#### Provided information:
⁂
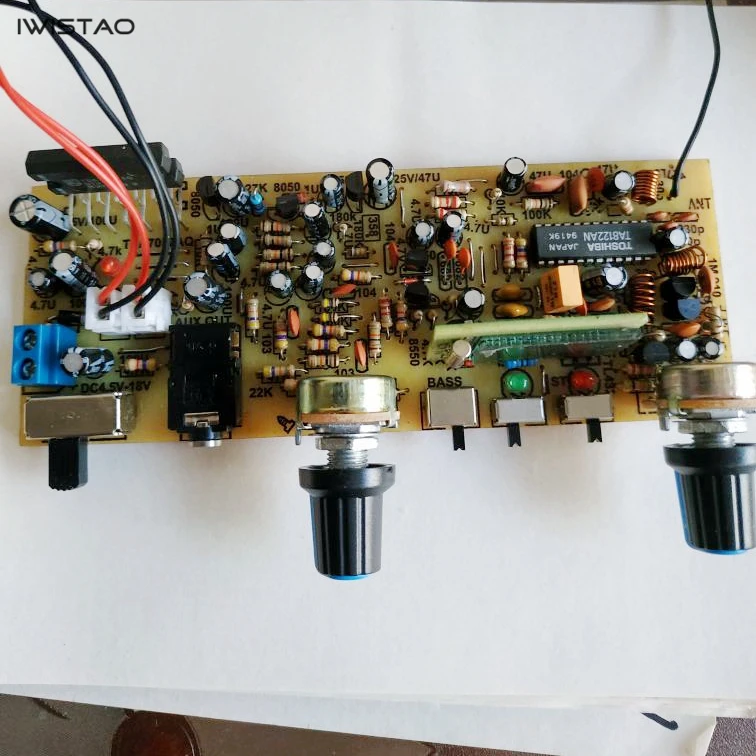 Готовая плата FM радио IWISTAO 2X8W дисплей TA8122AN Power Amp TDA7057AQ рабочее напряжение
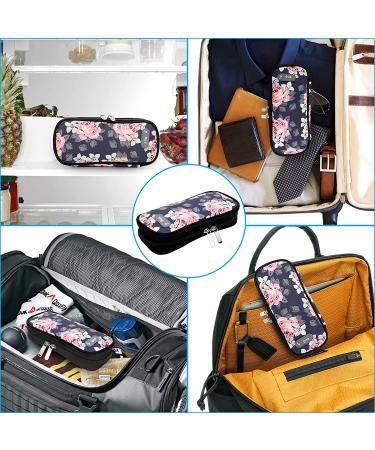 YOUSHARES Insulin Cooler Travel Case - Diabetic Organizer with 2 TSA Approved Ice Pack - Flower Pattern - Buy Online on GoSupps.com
⁂
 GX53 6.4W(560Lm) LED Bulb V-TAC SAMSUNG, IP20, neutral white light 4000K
⁂
#### Problem:
From the records above, quote word for word only the lines beginning at the line that has "Готовая плата FM" and stopping after the line that has "YOUSHARES Insulin Cooler". Omit the pictures.

#### Solved problem:
 Готовая плата FM радио IWISTAO 2X8W дисплей TA8122AN Power Amp TDA7057AQ рабочее напряжение
 YOUSHARES Insulin Cooler Travel Case - Diabetic Organizer with 2 TSA Approved Ice Pack - Flower Pattern - Buy Online on GoSupps.com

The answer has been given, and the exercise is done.